■ WHAT IS BEING ASKED: Would you return the listing that follows exactly, leaving its pictures behind?

Top of SOURCE MATERIAL

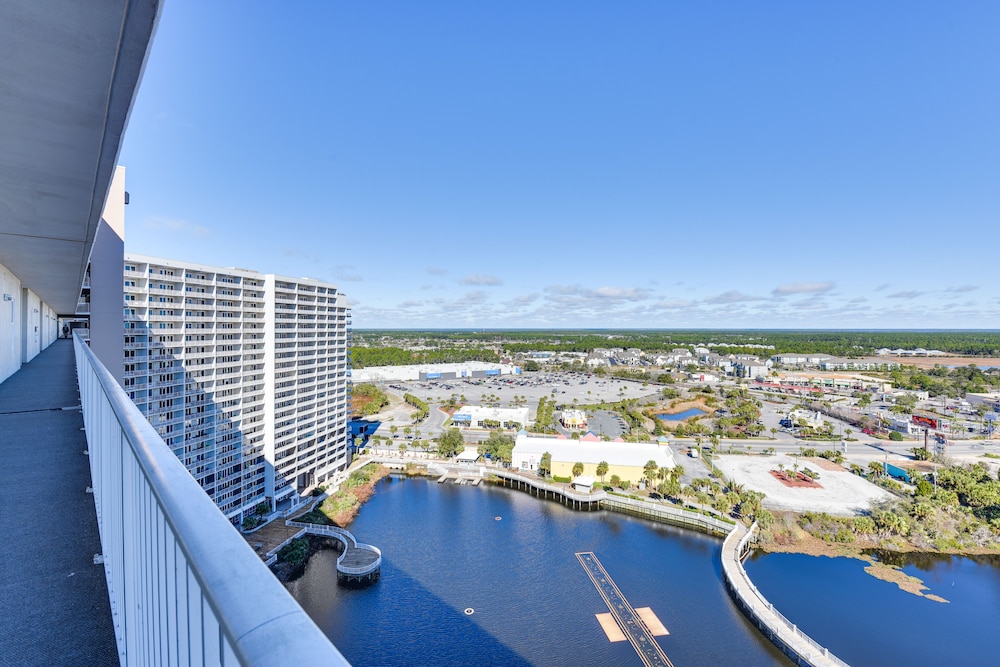 'ocean Oasis': PCB Condo w/ Balcony & Beach Views!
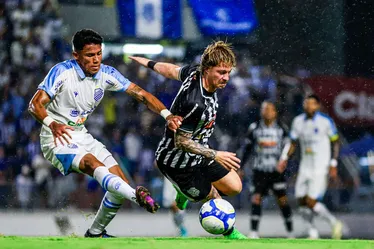 
			
				CSA vence Figueirense e deixa a zona de rebaixamento da Série C: 3 a 1
			
			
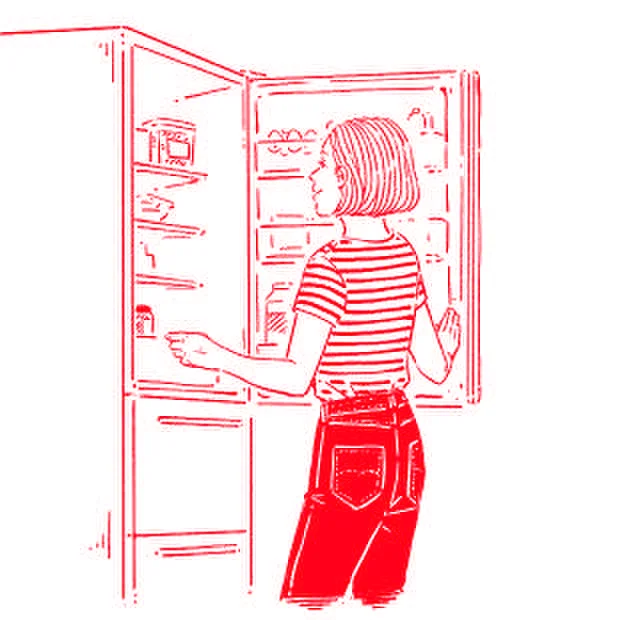 冷蔵室、冷凍室、乾物庫。3カ所の在庫をチェックしてから買い物に行くことで、「ダブり買い」を防ぐ。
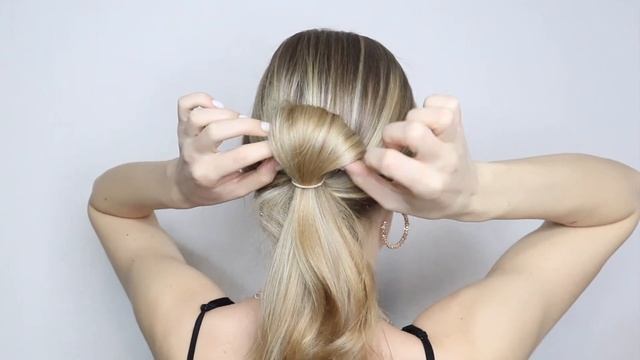 СОБРАННАЯ ПРИЧЕСКА НА ДЛИННЫЕ ВОЛОСЫ - НА ПРАЗДНИКИ ИЛИ НА КАЖДЫЙ ДЕНЬ | EASY HOLIDAY UPDO TUTORIAL смотреть онлайн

Bottom of SOURCE MATERIAL

■ SOLUTION TO THIS TASK:
 'ocean Oasis': PCB Condo w/ Balcony & Beach Views!
			
				CSA vence Figueirense e deixa a zona de rebaixamento da Série C: 3 a 1
			
			
 冷蔵室、冷凍室、乾物庫。3カ所の在庫をチェックしてから買い物に行くことで、「ダブり買い」を防ぐ。
 СОБРАННАЯ ПРИЧЕСКА НА ДЛИННЫЕ ВОЛОСЫ - НА ПРАЗДНИКИ ИЛИ НА КАЖДЫЙ ДЕНЬ | EASY HOLIDAY UPDO TUTORIAL смотреть онлайн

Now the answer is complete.